His algebra lies at the base of computer circuit design and of most computer programming languages and Booleans power the algorithms of the ubiquitous search engines. As a result two years ago the bicentenary of his birth was celebrated extensively and very publically. All of this would have been very hard to predict when his work on the algebra of logic first saw the light of day in the nineteenth century. His first publication Mathematical Analysis of Logic (1847) was largely ignored by the wider world of mathematics and his definitive presentation of his logic An Investigation of the Laws of Thought on Which are Founded the Mathematical Theories of Logic and Probabilities fared little better, initially attracting very little attention. It was only some time after his death that Boole’s logical works began to attract deeper interest, most notably in Germany by Ernst Schröder and in America by Charles Sanders Peirce.

Charles Sanders Peirce
Source: Wikimedia Commons

In 1883 Peirce published Studies in Logic: by Members of the Johns Hopkins University, edited by himself it contained seven papers written largely by his students. Of central interest is the fact that it contains a doctoral thesis, On the Algebra of Logic, written by a women, Christine Ladd.

Christine Ladd’s life story is a casebook study of the prejudices that women, who wished to enter academia suffered in the nineteenth and early twentieth centuries. Born 1 December 1847 (the year Boole published his first logic book) in Windsor, Connecticut the daughter of Eliphalet and Augusta Ladd, she grew up in New York and Windsor. Her mother and her aunt Julie Niles brought her up to believe in education for women and women’s rights. Her mother died in 1860 but her father initially supported her wish for advanced education and enrolled her at Welshing academy in a two year course for preparing students for college; she graduated as valedictorian in 1865 but now her father opposed her wish to go on to college. Only by arguing that she was too ugly to get a husband was she able to persuade her father and grandmother to allow her to study at the women’s college Vassar. She entered Vassar in 1866 but was forced by financial difficulties to leave before completing her first year. She now became a schoolteacher until her aunt helped her to finance her studies and she returned to Vassar.

At Vassar the pioneering female astronomer Maria Mitchell took her under her wing and fostered her developing interest in physics and mathematics.

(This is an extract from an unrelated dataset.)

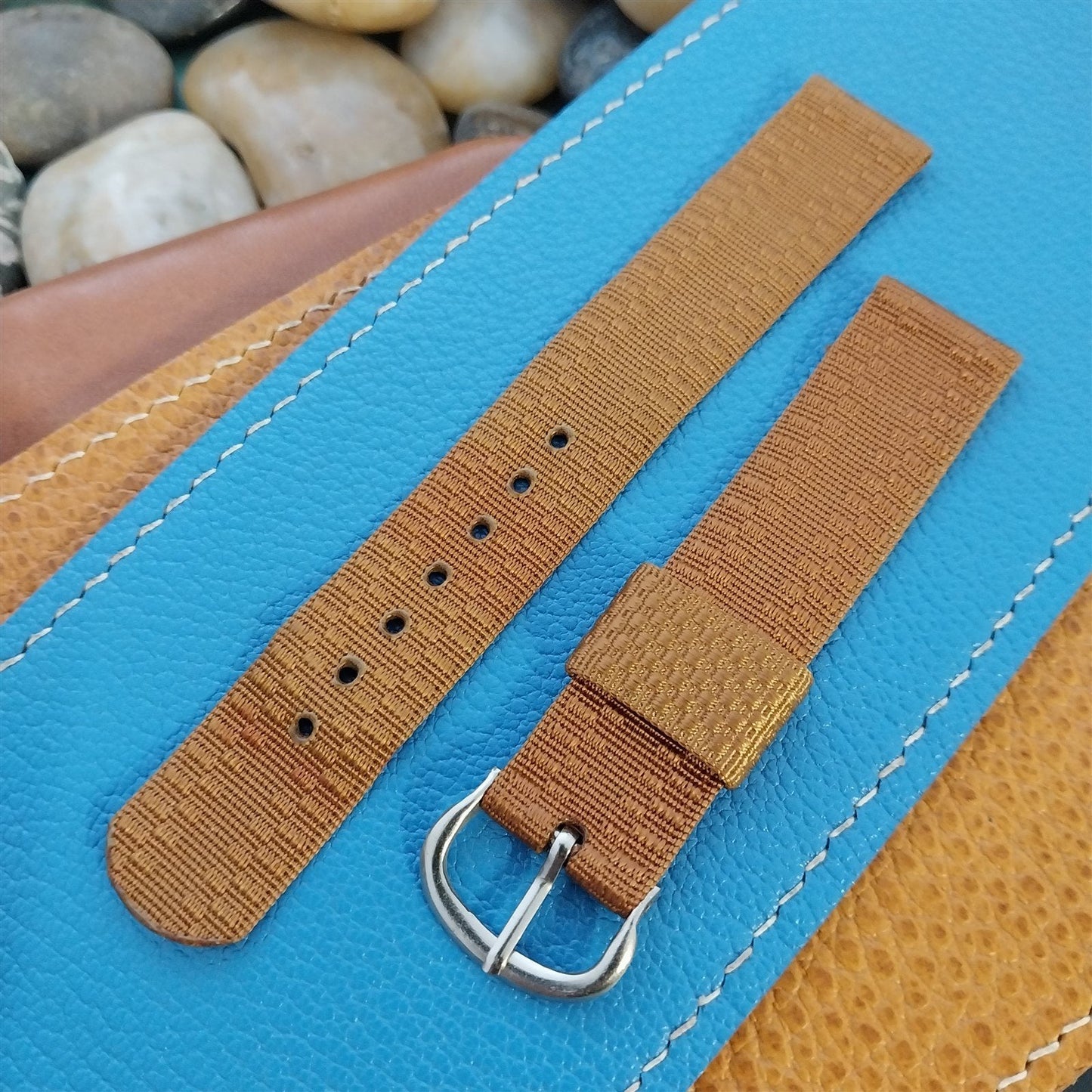 Vintage Tan 1940s 5/8" Ribbed Rayon Nylon Two Piece Classic Unused Watch Band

Due to the fact that women could not do experiment work in laboratories she was forced to choose mathematics[1] over physics, a decision that she regretted all of her life. She graduated from Vassar in 1869 and became a secondary school teacher of mathematics and science in Washington, Pennsylvania. Over the next nine years she published six items in The Analyst: A Journal of Pure and Applied Mathematics and three in the American Journal of Mathematics. More importantly she took a very active part in the mathematical questions column of the Educational Times, the journal of the College of Preceptors in London, a profession body for schoolteachers. This mathematical questions column was a very popular forum for nineteenth century mathematicians and logicians with many leading practitioners contribution both question and solutions. For example the nineteenth-century Scottish logician Hugh McColl published his first logical essays here and Bertrand Russell’s first mathematical publication can also be found here[2]. Ladd contributed a total of seventy-seven problem and solution to the Education Times, which would prove highly significant for her future career.

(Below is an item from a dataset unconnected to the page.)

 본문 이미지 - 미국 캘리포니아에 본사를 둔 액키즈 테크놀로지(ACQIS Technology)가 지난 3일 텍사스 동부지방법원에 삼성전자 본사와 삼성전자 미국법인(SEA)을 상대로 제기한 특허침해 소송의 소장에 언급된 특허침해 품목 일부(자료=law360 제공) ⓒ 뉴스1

In 1878 she applied for and won a fellowship to study mathematics at the Johns Hopkins University. Her fellowship application was simply signed C. Ladd and the university had assumed that she was male. When they realised that she was in fact a woman, they withdrew their offer of a fellowship. However the English professor of mathematics at Johns Hopkins, James J. Sylvester, who knew of Ladd’s abilities from those Educational Times contribution insisted on the university honouring the fellowship offer.

James Joseph Sylvester
Source: Wikimedia Commons

At the time Johns Hopkins did not have a very good reputation but Sylvester did, in fact he was a mathematical star, not wishing to lose him the university conceded and allowed Ladd to take up her three-year scholarship. However her name was not allowed to be printed in circulars and basically the university denied her existence. At the beginning she was only allowed to attend Sylvester’s classes but as it became clear that she was an exceptional student she was allowed to attend classes by other professors.

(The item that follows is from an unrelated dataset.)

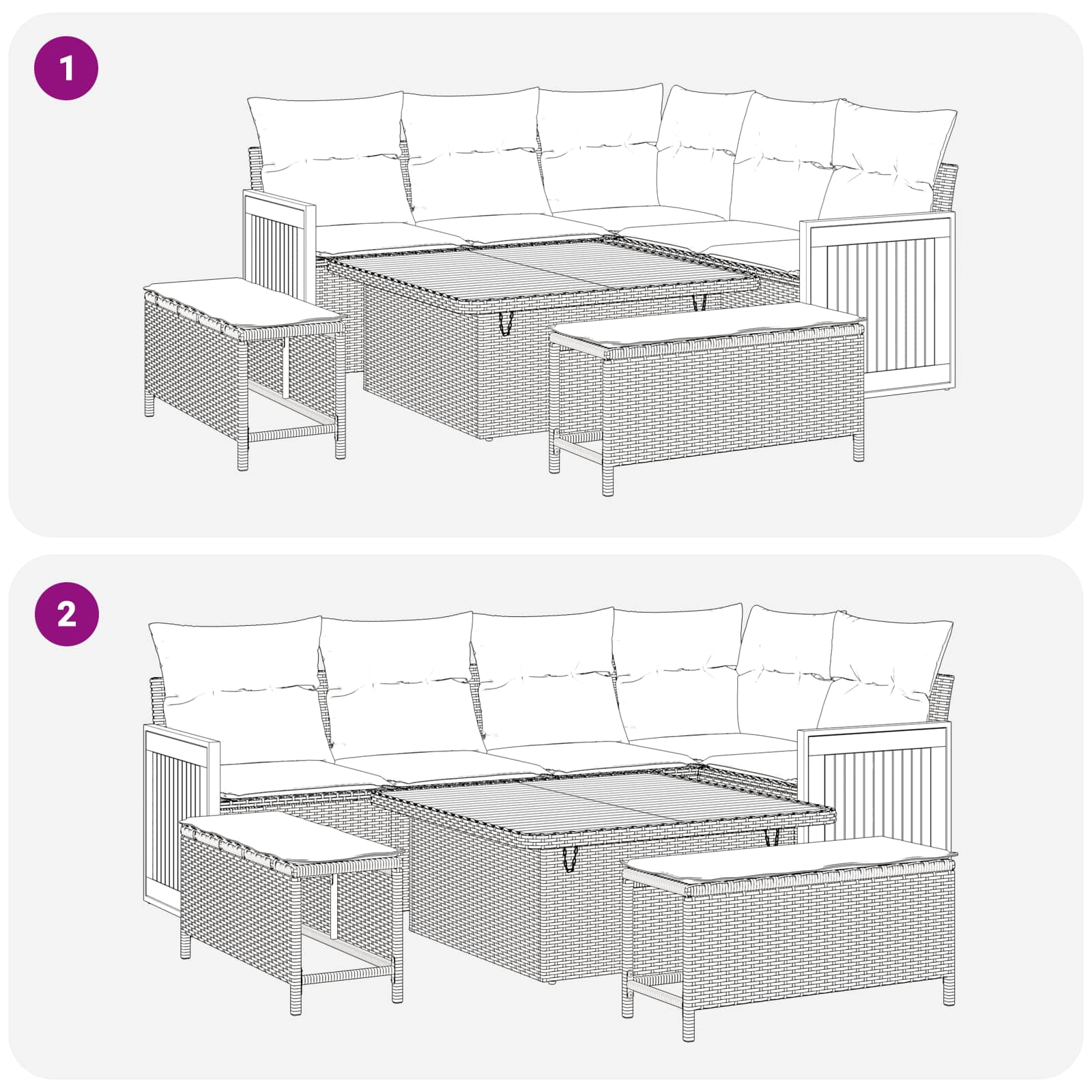Tuinbankenset met kussen 8 pcs Zwart en Crème is nu te koop bij PeponiXL, paradijselijk wonen!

In the year 1879 to 1880 she studied mathematics, logic and psychology under Charles Sanders Peirce becoming the first American women to be involved in psychology. Under Peirce’s supervision she wrote her doctoral thesis On the Algebra of Logic, which was then, as mentioned above, published in 1883. Although she had completed all the requirements of a doctoral degree Johns Hopkins University refused to award her a doctorate because she was a woman. They only finally did so forty-four years later in 1927, when she was already seventy-eight years old.

In 1882 she married fellow Johns Hopkins mathematician Fabian Franklin and became Christine Ladd-Franklin, the name by which she is universally known today. As a married woman she was barred from holding a paid position at an American university but she would lecture unpaid for five years on logic and psychology at Johns Hopkins and later at Columbia University for thirty years.

In the 1880s she developed an interest in vision and theories of colour perception publishing her first paper on the subject in 1887. She accompanied her husband on a research trip to Germany 1891-92 and used the opportunity to study with the psychologist Georg Elias Müller (1850–1934) in Göttingen

George Elias Muller
Source: Wikimedia Commons

and with the physiologist and physicist Hermann von Helmholtz (1821-1894) in Berlin.

Hermannvon Helmholtz in 1848
Source: Wikimedia Commons

In 1894 she returned alone to Germany to work with physicist Arthur König (1856–1901), with whom she did not get on and whom she accused of having stolen her ideas, and again in 1901 to work with Müller.

Portrait of Arthur Konig from Pokorny, J.
Source: Wikimedia Commons

As a result of her researches she developed and published her own theories of colour vision and the causes of colour blindness that were highly influential.

Ladd-Franklin was a tireless campaigner for women’s rights and even persuaded the inventor of the record player, Emile Berliner, to establish a fellowship for female professors, the Sarah Berliner postdoctoral endowment, in 1909, which she administered for the first ten years and which is still awarded annually.

Emile Berliner
Source: Wikimedia Commons

She herself continued to suffer rejection and humiliation as a female academic. In 1904 the British psychologist Edward Titchener (1867–1927) founded a society for experimental psychologists, “The Experimentalists”, and although he knew Ladd-Franklin well her barred her, as a woman, from membership. A decision, which she fought against in vain for many years. Women were only permitted to attend following Titchener’s death.

Edward Bradford Titchener
Source: Wikimedia Commons

Despite the discrimination that she suffered Christine Ladd-Franklin published many papers in the leading journals and her work was held in high regard. She died of pneumonia, aged 82, in 1930. Today the American Association for women in Psychology have an annual Christine-Ladd Franklin Award, awarded for significant and substantial contributions to the Association.

Christine Ladd-Franklin
Source: Wikimedia Commons

Although she struggled against prejudice and discrimination all of her life and never received the formal recognition that should have been her due, Christine Ladd-Franklin made significant contributions to the fields of Boolean algebra and colour vision for which she is highly regarded today. Through her fighting spirit and unbending will she helped open the doors of scientific research and academia for later generations of women.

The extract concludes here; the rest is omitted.